Attraverso una scrittura fluente e tersa, aliena dalle sperimentazioni tecniche e linguistiche, Sgorlon rappresentava – attraverso l'inarrestabile sviluppo inventivo delle sue storie e la proliferazione dei suoi personaggi – un mondo fatto di vicende di comunità e di presenze individuali in contesti per lo più marginali. Ma anche (si pensi a ”La contrada”, 1981; o a ”La conchiglia di Anataj”, 1993) l'inquietudine dell'identità, espressa da figure enigmatiche, ambigue, travagliate dall'ansia della realizzazione e da spinte alla fuga e al vagabondaggio, espressione – però – anche di un legame profondo con la propria terra e con i vincoli ancestrali.
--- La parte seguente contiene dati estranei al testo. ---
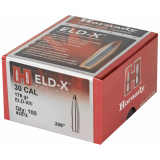 ELD-X Rifle Bullets .308 Diameter 178 Grain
Epica e fantasia, riflessioni sui destini degli uomini e sulle loro drammatiche insicurezze, sulla nostalgia, sulla vita e sulla morte sembrano animare anche un testo come ”L'armata dei fiumi perduti” (1985) dedicato a una pagina sanguinosa della Seconda Guerra mondiale com'è quella relativa ai Cosacchi in Friuli.
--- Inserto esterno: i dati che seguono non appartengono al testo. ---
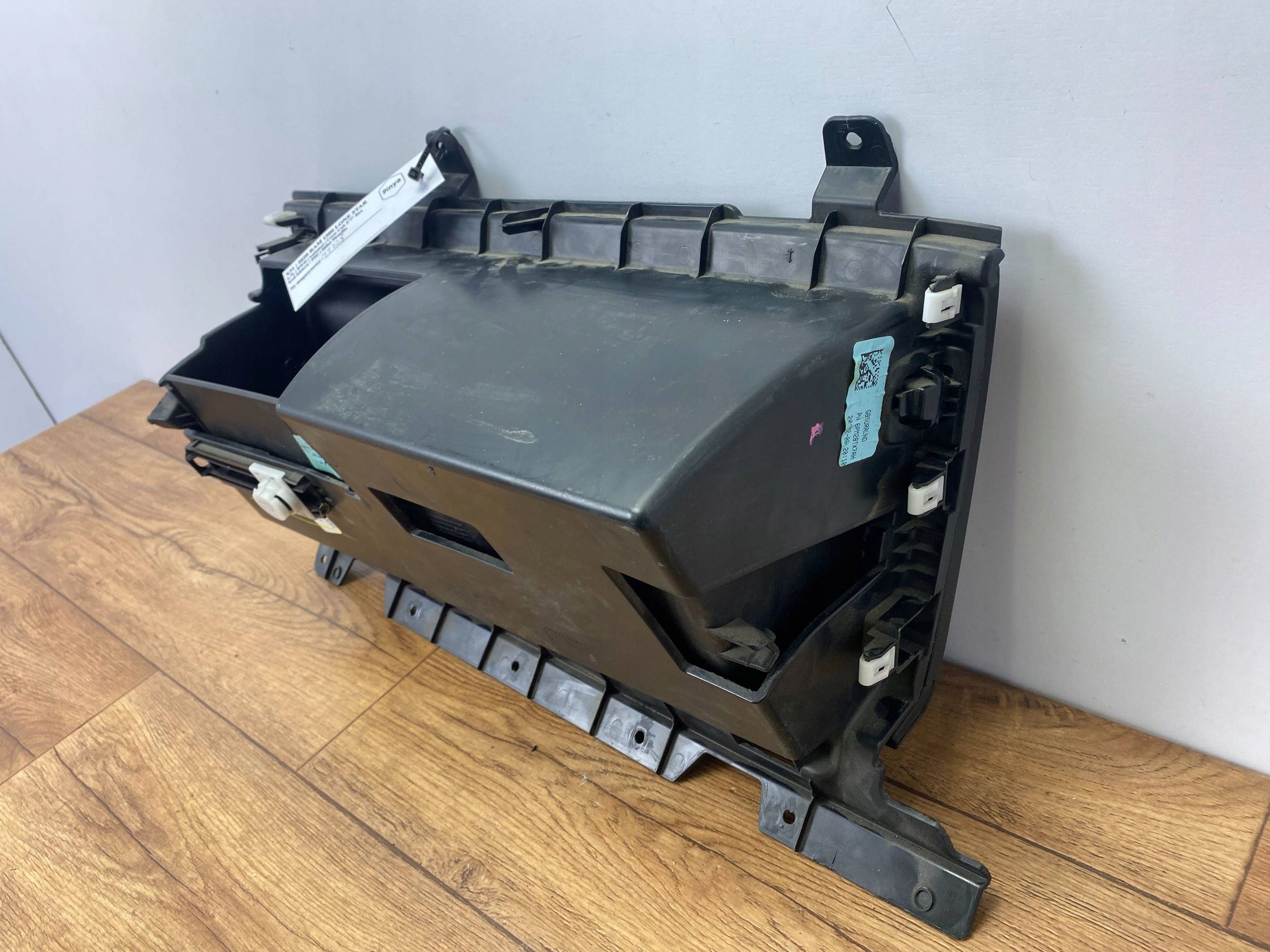 Boîte a gant passager Passegers du tableau de bord Dodge Ram 1500 2019+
La riflessione di Sgorlon sul rapporto con la Terra e con la Natura, sulla sua necessità ma anche precarietà e difficoltà di realizzazione ha costituito il centro del lavoro narrativo di Sgorlon fino alle pagine più recenti di una bibliografia molto ampia che si estende a libri importanti come ”Le sorelle boreali” (2004), ”Il velo di Maja” (2006), ”L'alchimista degli strati” (2008). Che si propongono come portatori di messaggi caratterizzati da una carica di forte spiritualità e sacralità, ricchi di spunti ecologici ed etici. Spesso incentrati su tematiche di grande attualità come il rapporto tra natura e scienza, lo sfruttamento delle risorse naturali, il destino drammatico di popoli esuli, emarginati e oppressi (dagli Istriani agli Ebrei agli Zingari), l'emigrazione, la clandestinità, la sofferenza. Alle quali si contrappongono valori positivi : la forza dell'eros, della fantasia, dell'arte, l'incanto dell'avventura e dell'ignoto. Come nel viaggio (iniziato nel 1314) di Odorico da Pordenone in Estremo Oriente, narrato mirabilmente da Carlo Sgorlon in ”Il filo di seta” (1999).